(Short descriptive text snippets)
= Beginning of Section =
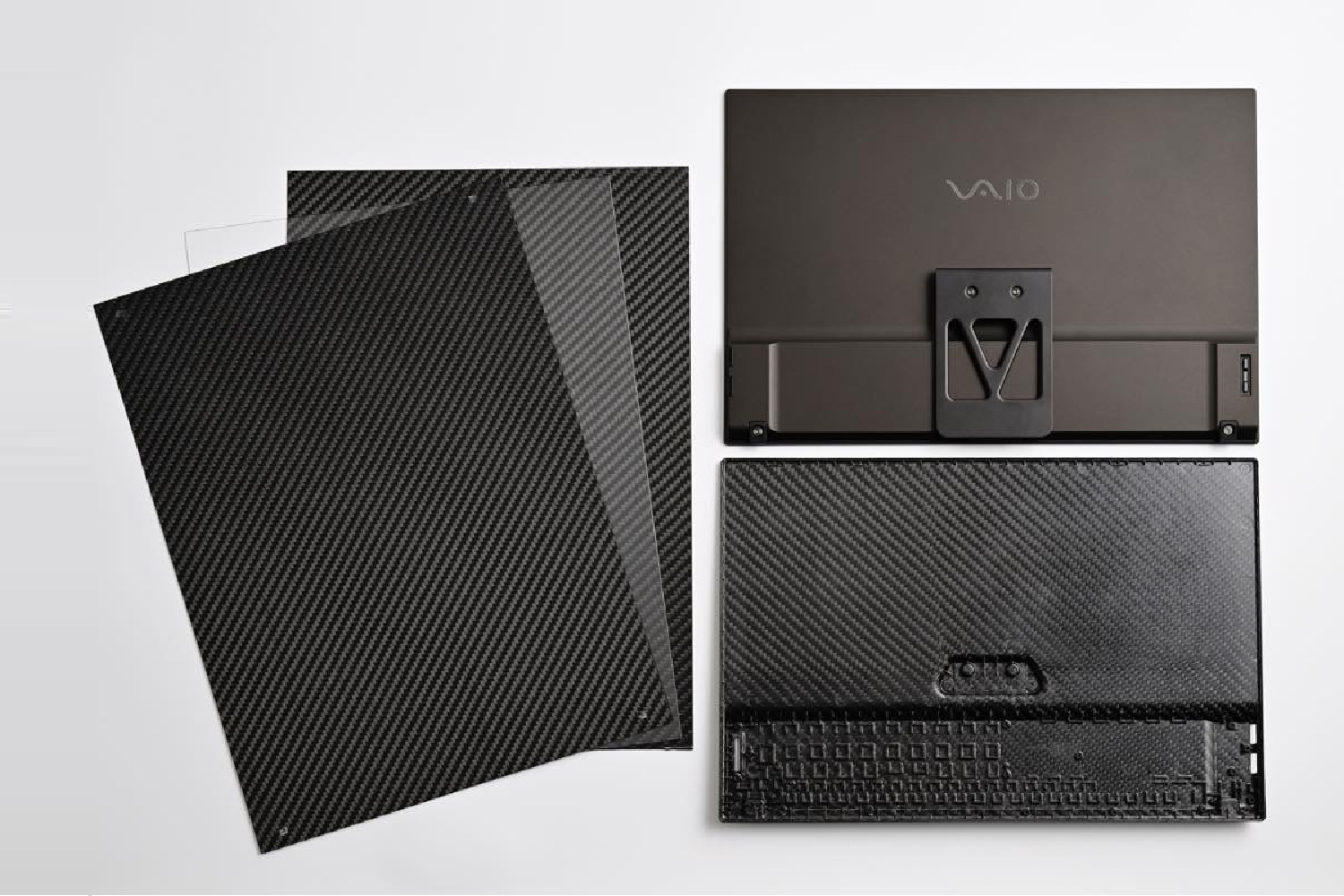 VAIOのカーボン製造技術を凝縮して生まれた「VAIO Vision+™ 14P」の本体背面パネル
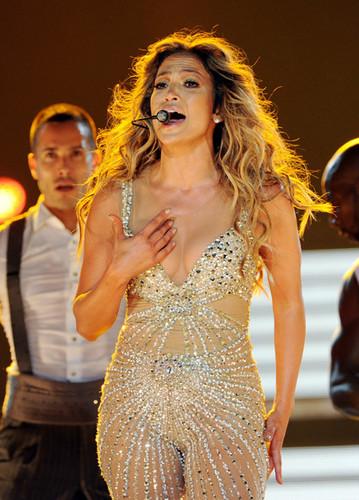 Jennifer Lopez Performs At The Staples Center [August 16, 2012]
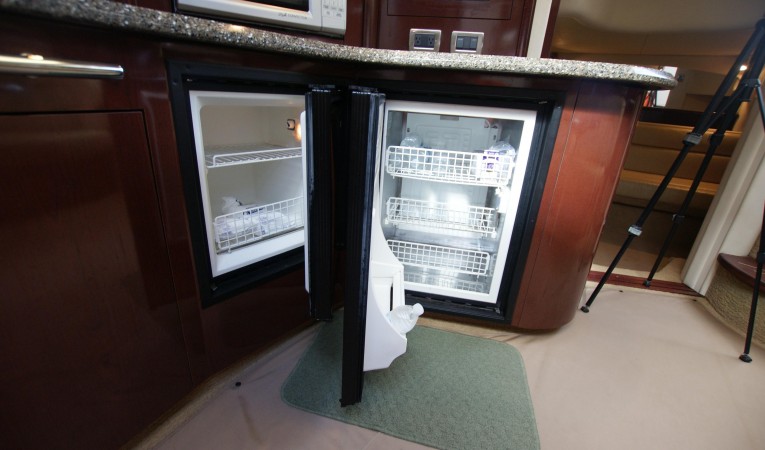 44 Sea Ray galley fridge and freezer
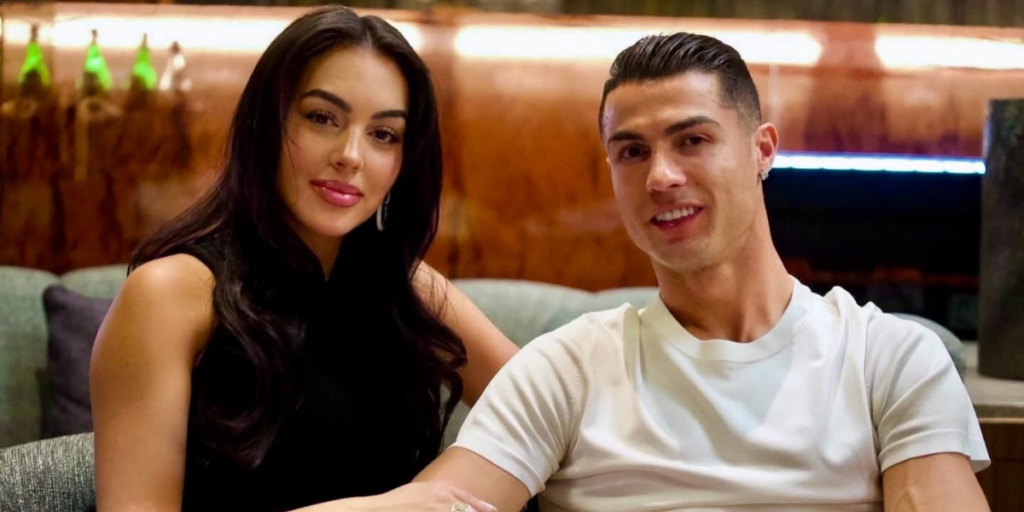 Read more about the article Cristiano Ronaldo partilha declaração de amor a Georgina no dia do seu aniversário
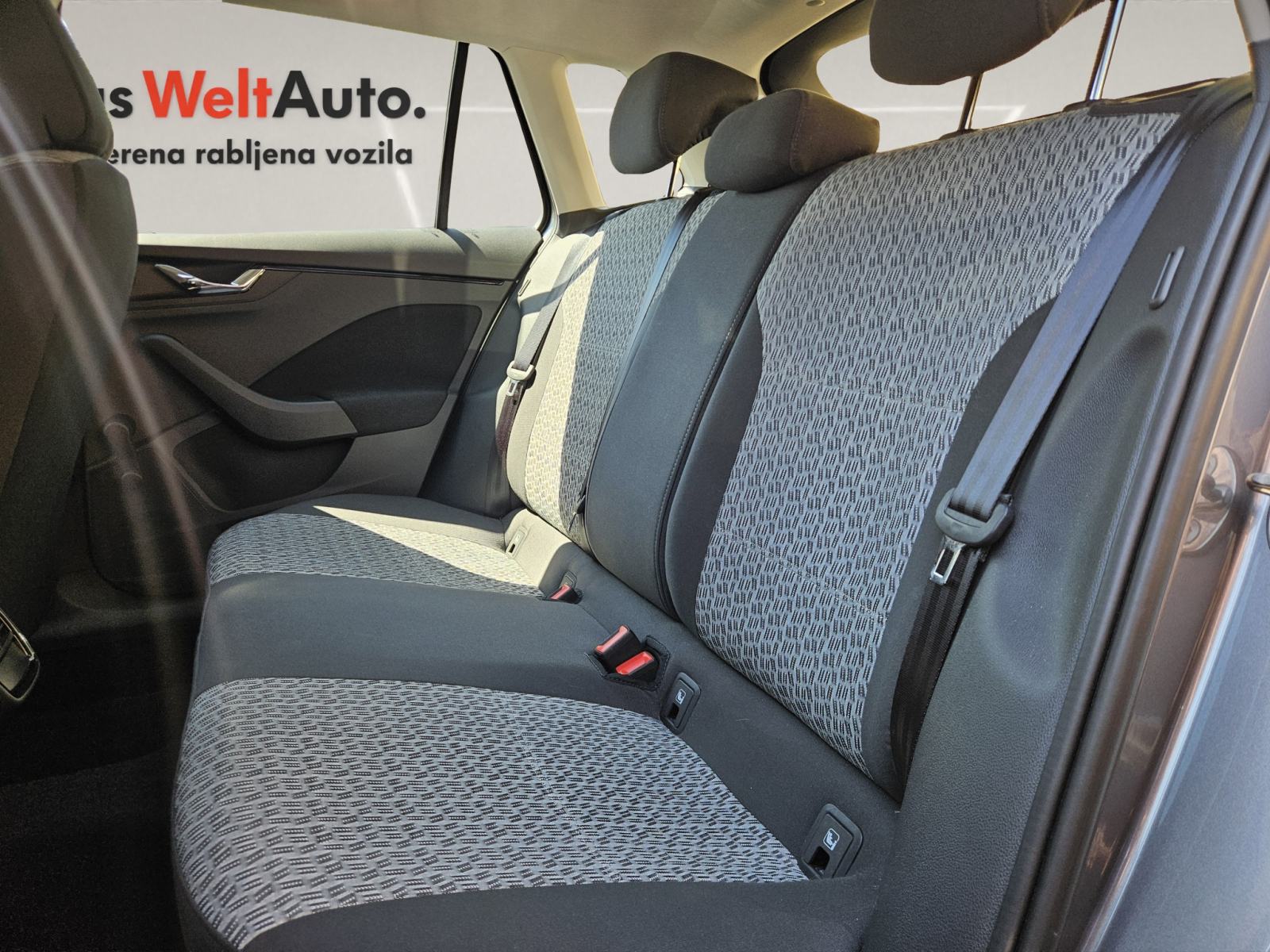 Škoda KAMIQ Active 1.0 TSI AKCIJA !!!, fotografija 12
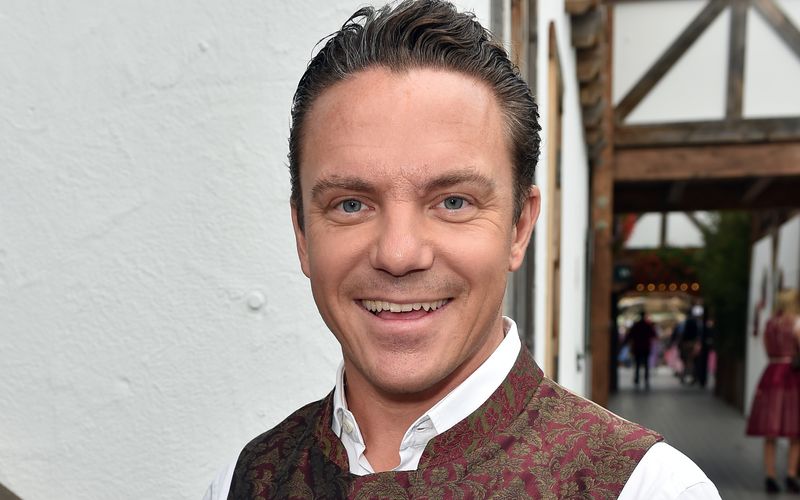 Stefan Mross war von der Vorstellung, sonntaglich auf Sendung zu gehen, anfangs alles andere als begeistert.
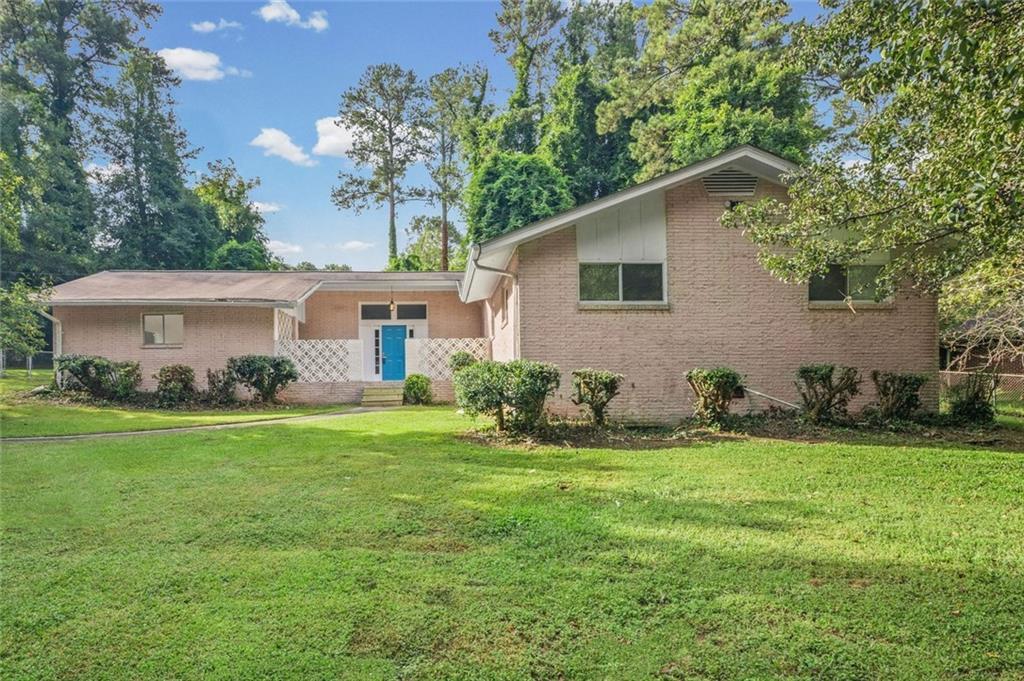 1616 Bethsaida Rd., Riverdale, GA 30296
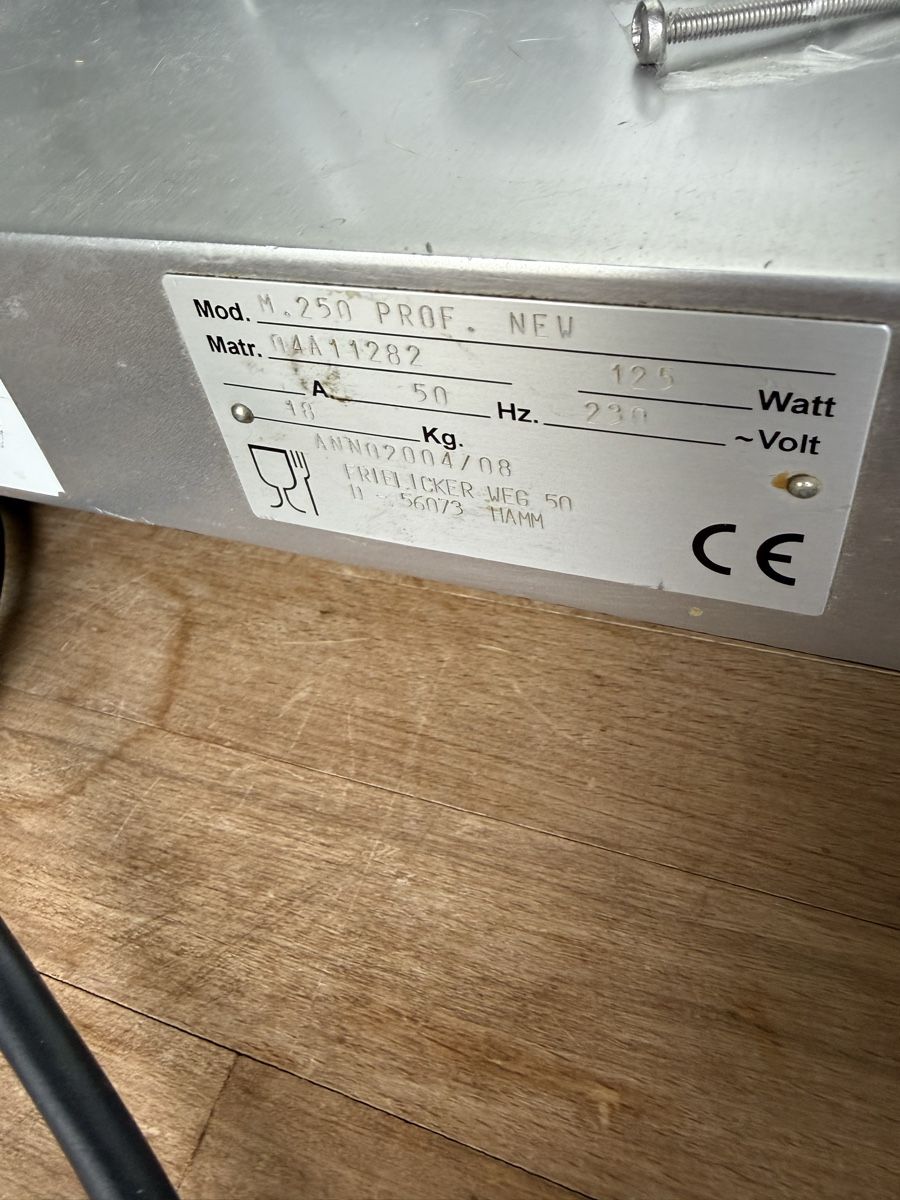 Elettrodomestici da cucina: Gastro Schneidemaschine – Usato da Zürich venduto da Banana15 4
= End of Section =
Aim of the exercise: When you reach the line with "44 Sea Ray galley fridge and freezer" in the records above, begin repeating the lines exactly, and stop after the line with "Škoda KAMIQ Active". Skip all pictures.

Response below:
 44 Sea Ray galley fridge and freezer
 Read more about the article Cristiano Ronaldo partilha declaração de amor a Georgina no dia do seu aniversário
 Škoda KAMIQ Active 1.0 TSI AKCIJA !!!, fotografija 12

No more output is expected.